REQUIRED ACTION:
Go to the line with "Hair dryer, towels, soap, toilet paper" in the material below and copy from there through the line with "A person stands", exactly. Pictures are not copied.

RECORDS TO USE:
═══
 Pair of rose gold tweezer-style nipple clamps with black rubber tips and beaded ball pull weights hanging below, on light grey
═══
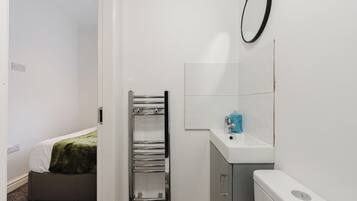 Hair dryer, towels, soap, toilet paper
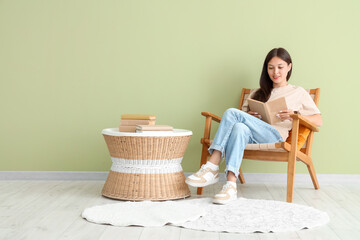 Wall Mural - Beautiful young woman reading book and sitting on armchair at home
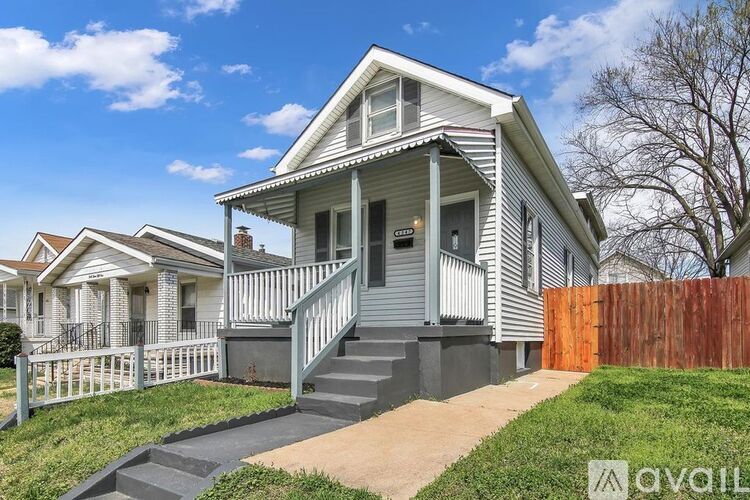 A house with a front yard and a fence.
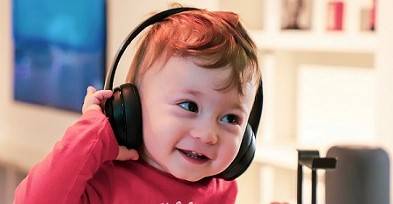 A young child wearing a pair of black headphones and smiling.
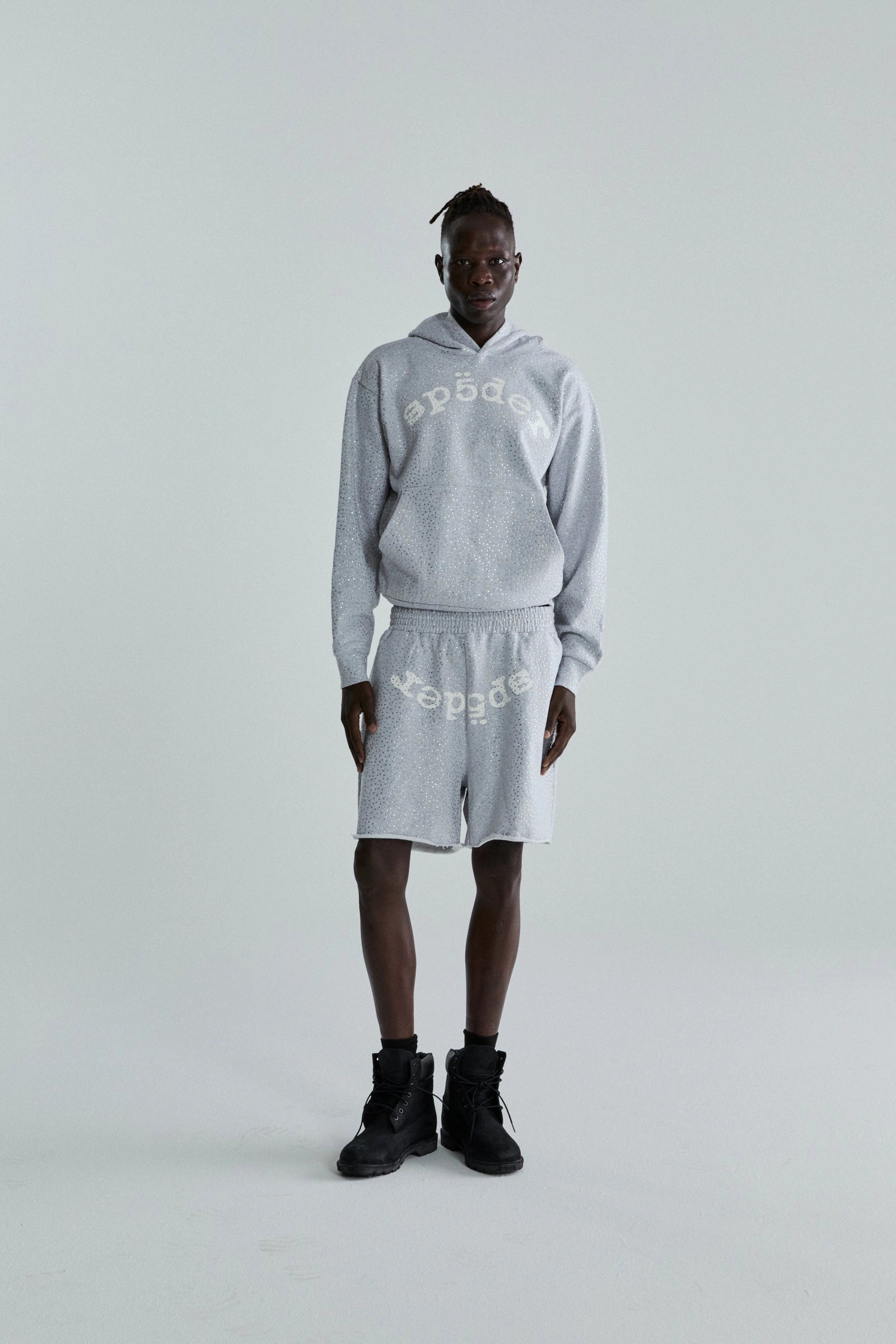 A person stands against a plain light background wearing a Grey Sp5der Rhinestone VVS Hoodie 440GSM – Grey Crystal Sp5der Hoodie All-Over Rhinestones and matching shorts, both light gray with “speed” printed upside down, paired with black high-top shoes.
═══
THE COMPLETED TASK:
 Hair dryer, towels, soap, toilet paper
 Wall Mural - Beautiful young woman reading book and sitting on armchair at home
 A house with a front yard and a fence.
 A young child wearing a pair of black headphones and smiling.
 A person stands against a plain light background wearing a Grey Sp5der Rhinestone VVS Hoodie 440GSM – Grey Crystal Sp5der Hoodie All-Over Rhinestones and matching shorts, both light gray with “speed” printed upside down, paired with black high-top shoes.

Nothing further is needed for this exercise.